▶ [Provided material]
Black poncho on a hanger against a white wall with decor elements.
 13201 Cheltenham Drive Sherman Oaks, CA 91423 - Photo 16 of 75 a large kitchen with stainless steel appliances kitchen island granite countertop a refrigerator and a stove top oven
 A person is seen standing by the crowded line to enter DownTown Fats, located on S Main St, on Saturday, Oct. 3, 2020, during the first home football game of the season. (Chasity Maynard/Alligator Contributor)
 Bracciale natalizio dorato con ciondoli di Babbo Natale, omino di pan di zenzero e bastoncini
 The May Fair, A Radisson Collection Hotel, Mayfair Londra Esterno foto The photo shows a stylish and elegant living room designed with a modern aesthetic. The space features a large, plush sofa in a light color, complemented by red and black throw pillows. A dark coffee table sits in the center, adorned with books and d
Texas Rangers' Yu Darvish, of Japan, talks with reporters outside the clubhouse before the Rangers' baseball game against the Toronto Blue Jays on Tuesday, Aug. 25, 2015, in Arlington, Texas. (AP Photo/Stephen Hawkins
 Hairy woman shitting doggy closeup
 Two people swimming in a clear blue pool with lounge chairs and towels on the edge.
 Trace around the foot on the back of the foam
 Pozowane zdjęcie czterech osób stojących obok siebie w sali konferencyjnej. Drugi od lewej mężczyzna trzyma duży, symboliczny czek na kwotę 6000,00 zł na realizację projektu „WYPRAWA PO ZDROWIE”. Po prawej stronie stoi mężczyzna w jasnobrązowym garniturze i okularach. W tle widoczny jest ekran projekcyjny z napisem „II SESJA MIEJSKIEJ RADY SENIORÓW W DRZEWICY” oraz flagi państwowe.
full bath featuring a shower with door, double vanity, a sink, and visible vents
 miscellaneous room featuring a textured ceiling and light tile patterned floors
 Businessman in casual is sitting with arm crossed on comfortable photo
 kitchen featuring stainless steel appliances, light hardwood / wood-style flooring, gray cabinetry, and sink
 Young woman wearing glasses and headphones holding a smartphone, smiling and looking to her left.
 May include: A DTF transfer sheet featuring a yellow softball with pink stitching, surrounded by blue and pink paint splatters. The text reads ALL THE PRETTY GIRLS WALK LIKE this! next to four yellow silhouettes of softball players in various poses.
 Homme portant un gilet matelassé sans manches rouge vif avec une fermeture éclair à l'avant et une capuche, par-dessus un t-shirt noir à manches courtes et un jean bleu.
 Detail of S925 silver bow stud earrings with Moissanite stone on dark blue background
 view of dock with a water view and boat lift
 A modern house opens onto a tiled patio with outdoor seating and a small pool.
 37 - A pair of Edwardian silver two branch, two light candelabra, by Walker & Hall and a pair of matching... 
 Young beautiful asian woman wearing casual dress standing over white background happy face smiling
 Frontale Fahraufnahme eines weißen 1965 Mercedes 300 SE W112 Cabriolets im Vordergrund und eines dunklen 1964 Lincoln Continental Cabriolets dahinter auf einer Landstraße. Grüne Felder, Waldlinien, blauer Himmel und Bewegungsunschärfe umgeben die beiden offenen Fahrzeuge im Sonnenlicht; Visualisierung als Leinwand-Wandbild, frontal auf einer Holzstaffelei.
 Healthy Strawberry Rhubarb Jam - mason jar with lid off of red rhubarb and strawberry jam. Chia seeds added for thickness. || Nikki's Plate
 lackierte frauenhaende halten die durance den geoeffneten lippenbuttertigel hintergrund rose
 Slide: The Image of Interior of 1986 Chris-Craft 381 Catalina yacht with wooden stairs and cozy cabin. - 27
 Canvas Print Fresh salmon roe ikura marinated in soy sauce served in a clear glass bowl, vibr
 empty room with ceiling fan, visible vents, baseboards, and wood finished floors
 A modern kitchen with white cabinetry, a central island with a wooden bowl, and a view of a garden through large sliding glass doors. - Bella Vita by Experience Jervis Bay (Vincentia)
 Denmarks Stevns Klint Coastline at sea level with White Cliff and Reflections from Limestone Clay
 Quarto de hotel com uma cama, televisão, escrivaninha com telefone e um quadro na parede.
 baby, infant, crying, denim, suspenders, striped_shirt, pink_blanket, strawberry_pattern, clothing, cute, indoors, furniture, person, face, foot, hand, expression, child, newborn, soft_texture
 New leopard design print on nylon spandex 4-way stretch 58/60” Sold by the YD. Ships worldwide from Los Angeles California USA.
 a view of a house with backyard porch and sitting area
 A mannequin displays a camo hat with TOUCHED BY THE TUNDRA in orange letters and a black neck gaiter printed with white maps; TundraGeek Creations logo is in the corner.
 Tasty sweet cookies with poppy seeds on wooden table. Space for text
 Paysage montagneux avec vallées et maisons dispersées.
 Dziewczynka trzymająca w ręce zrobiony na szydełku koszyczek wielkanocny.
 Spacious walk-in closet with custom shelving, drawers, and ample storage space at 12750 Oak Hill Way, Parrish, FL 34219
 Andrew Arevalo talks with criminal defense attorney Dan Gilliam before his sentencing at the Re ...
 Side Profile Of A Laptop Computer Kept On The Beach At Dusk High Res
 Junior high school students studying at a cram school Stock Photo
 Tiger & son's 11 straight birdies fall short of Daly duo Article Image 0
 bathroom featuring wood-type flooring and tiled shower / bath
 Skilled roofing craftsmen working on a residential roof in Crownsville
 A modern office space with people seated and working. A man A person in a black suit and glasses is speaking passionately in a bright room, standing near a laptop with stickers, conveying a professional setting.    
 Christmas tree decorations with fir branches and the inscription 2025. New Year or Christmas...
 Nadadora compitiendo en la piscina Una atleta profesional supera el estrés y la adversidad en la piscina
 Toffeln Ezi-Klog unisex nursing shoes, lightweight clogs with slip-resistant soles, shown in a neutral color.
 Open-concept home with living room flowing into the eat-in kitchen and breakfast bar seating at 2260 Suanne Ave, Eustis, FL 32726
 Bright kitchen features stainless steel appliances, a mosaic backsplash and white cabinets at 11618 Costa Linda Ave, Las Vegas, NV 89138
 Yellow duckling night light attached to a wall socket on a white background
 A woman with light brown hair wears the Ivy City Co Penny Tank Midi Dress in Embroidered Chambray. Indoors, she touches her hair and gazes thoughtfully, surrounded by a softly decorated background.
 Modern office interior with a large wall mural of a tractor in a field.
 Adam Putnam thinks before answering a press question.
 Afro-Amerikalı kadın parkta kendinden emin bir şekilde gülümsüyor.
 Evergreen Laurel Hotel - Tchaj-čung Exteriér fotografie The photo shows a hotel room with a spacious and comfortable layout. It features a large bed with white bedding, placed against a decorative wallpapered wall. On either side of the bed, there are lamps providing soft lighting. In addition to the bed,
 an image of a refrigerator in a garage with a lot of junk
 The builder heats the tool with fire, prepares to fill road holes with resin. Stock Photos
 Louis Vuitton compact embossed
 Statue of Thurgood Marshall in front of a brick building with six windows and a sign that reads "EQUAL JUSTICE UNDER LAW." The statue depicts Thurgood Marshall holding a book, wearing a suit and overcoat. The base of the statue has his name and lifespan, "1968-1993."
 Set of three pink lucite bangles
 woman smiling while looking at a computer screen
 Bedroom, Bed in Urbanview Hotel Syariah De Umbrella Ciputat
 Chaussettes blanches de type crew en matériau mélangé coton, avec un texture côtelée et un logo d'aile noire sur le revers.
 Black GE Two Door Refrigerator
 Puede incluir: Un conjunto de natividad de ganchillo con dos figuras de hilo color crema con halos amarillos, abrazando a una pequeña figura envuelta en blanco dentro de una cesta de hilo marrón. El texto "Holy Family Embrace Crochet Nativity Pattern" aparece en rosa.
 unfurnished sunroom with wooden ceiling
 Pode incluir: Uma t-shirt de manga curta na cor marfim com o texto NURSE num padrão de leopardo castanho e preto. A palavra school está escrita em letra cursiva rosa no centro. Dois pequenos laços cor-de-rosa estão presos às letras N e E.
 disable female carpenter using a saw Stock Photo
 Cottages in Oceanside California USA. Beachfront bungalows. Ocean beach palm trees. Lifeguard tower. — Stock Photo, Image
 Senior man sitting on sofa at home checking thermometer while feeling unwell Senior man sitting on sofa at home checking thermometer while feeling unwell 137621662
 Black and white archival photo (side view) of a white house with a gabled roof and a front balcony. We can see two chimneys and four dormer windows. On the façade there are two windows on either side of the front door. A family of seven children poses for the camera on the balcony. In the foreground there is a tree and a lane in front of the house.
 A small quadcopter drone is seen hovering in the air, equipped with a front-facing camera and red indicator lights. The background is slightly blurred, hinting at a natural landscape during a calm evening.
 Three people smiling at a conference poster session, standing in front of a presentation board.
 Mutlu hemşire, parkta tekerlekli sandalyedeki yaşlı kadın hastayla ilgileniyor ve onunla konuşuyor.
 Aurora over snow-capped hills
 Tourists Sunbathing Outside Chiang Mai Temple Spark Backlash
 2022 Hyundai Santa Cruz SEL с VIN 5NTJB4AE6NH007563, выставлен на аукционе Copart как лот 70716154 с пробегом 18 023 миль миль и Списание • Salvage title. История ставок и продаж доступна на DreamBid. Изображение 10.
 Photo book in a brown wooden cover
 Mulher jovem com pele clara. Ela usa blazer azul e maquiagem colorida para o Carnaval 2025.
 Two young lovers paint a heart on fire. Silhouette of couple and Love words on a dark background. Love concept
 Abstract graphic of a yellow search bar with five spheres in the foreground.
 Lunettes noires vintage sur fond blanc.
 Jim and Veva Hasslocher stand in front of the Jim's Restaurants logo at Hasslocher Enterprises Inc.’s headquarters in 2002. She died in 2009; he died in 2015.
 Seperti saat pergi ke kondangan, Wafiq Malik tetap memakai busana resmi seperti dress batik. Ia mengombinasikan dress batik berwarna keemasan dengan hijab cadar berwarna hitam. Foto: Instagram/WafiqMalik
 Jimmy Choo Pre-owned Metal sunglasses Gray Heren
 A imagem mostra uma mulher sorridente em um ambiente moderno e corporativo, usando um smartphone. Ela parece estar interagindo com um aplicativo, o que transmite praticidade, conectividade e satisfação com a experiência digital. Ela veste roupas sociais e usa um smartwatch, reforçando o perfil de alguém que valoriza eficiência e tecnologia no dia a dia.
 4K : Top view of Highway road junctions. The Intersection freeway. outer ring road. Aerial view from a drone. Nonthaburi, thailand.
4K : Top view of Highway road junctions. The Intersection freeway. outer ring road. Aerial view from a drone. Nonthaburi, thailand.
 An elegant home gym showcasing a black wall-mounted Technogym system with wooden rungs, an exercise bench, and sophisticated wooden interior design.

▶ [Your goal] From the start of the data to the line that holds "Trace around the", retype each line exactly, with both ends included.

▶ [Your response]
Black poncho on a hanger against a white wall with decor elements.
 13201 Cheltenham Drive Sherman Oaks, CA 91423 - Photo 16 of 75 a large kitchen with stainless steel appliances kitchen island granite countertop a refrigerator and a stove top oven
 A person is seen standing by the crowded line to enter DownTown Fats, located on S Main St, on Saturday, Oct. 3, 2020, during the first home football game of the season. (Chasity Maynard/Alligator Contributor)
 Bracciale natalizio dorato con ciondoli di Babbo Natale, omino di pan di zenzero e bastoncini
 The May Fair, A Radisson Collection Hotel, Mayfair Londra Esterno foto The photo shows a stylish and elegant living room designed with a modern aesthetic. The space features a large, plush sofa in a light color, complemented by red and black throw pillows. A dark coffee table sits in the center, adorned with books and d
Texas Rangers' Yu Darvish, of Japan, talks with reporters outside the clubhouse before the Rangers' baseball game against the Toronto Blue Jays on Tuesday, Aug. 25, 2015, in Arlington, Texas. (AP Photo/Stephen Hawkins
 Hairy woman shitting doggy closeup
 Two people swimming in a clear blue pool with lounge chairs and towels on the edge.
 Trace around the foot on the back of the foam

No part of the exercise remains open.